**WHAT YOU ARE ASKED TO DO:**
Write out the data exactly, please, and omit the pictures.

**PROVIDED DATA:**
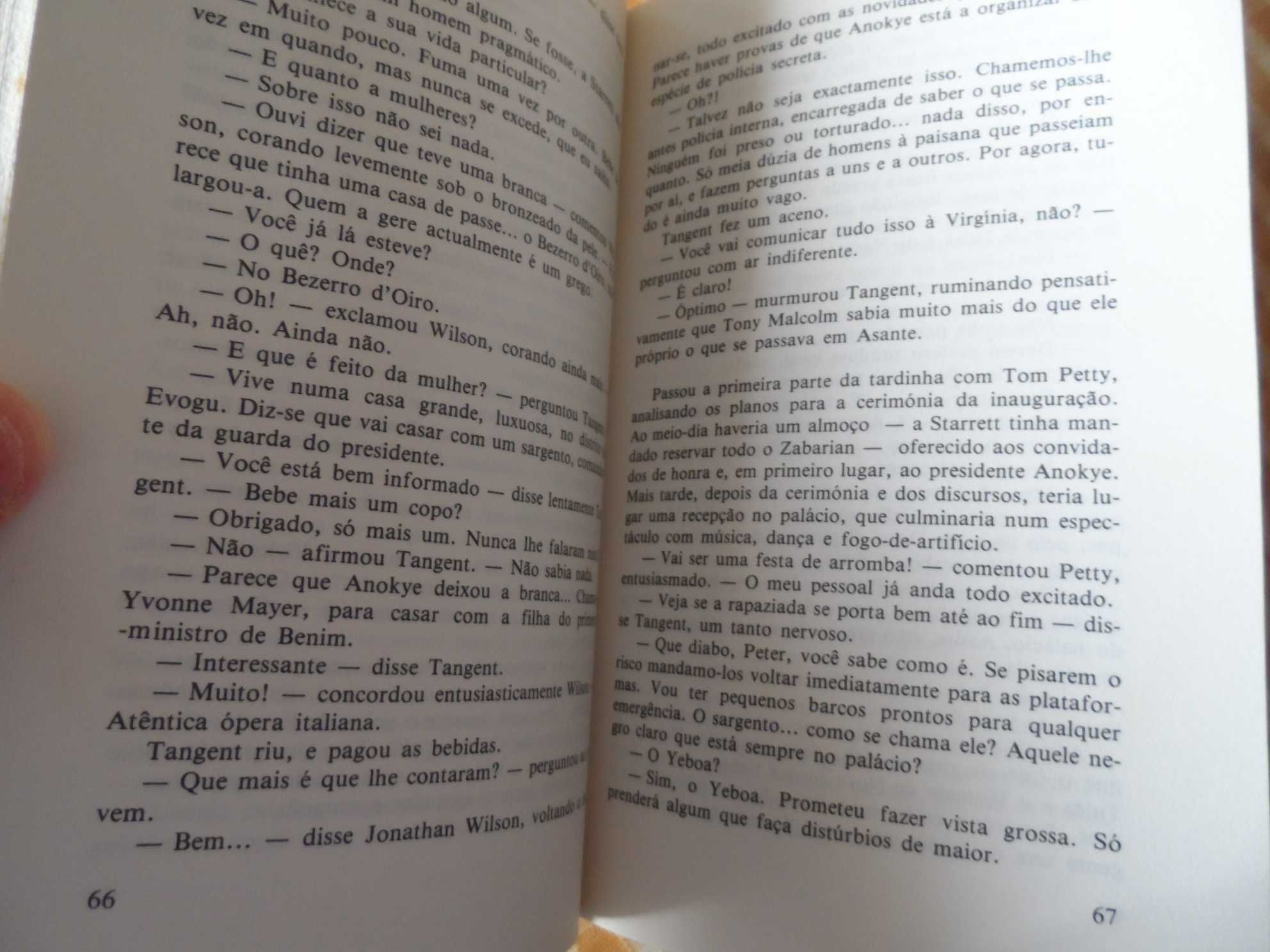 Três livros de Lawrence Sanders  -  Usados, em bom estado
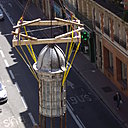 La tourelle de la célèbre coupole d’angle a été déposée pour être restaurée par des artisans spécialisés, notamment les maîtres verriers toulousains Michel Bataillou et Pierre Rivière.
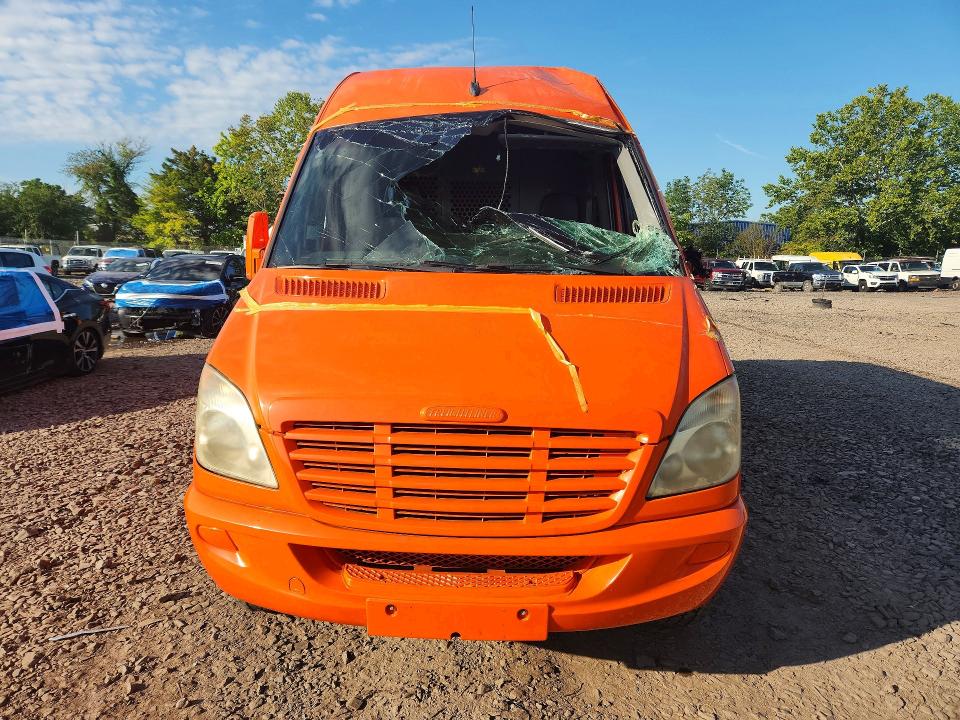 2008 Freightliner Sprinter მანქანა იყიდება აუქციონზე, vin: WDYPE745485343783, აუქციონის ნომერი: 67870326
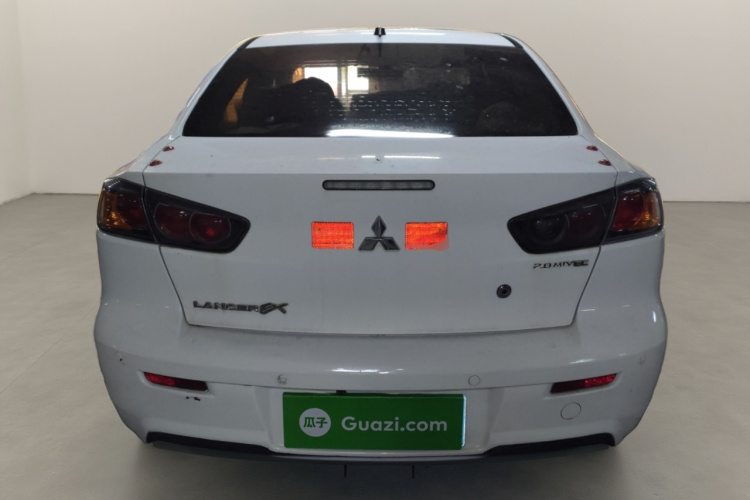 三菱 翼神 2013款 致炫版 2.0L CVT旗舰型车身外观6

**REPLY TO THE EXERCISE:**
 Três livros de Lawrence Sanders  -  Usados, em bom estado
 La tourelle de la célèbre coupole d’angle a été déposée pour être restaurée par des artisans spécialisés, notamment les maîtres verriers toulousains Michel Bataillou et Pierre Rivière.
 2008 Freightliner Sprinter მანქანა იყიდება აუქციონზე, vin: WDYPE745485343783, აუქციონის ნომერი: 67870326
 三菱 翼神 2013款 致炫版 2.0L CVT旗舰型车身外观6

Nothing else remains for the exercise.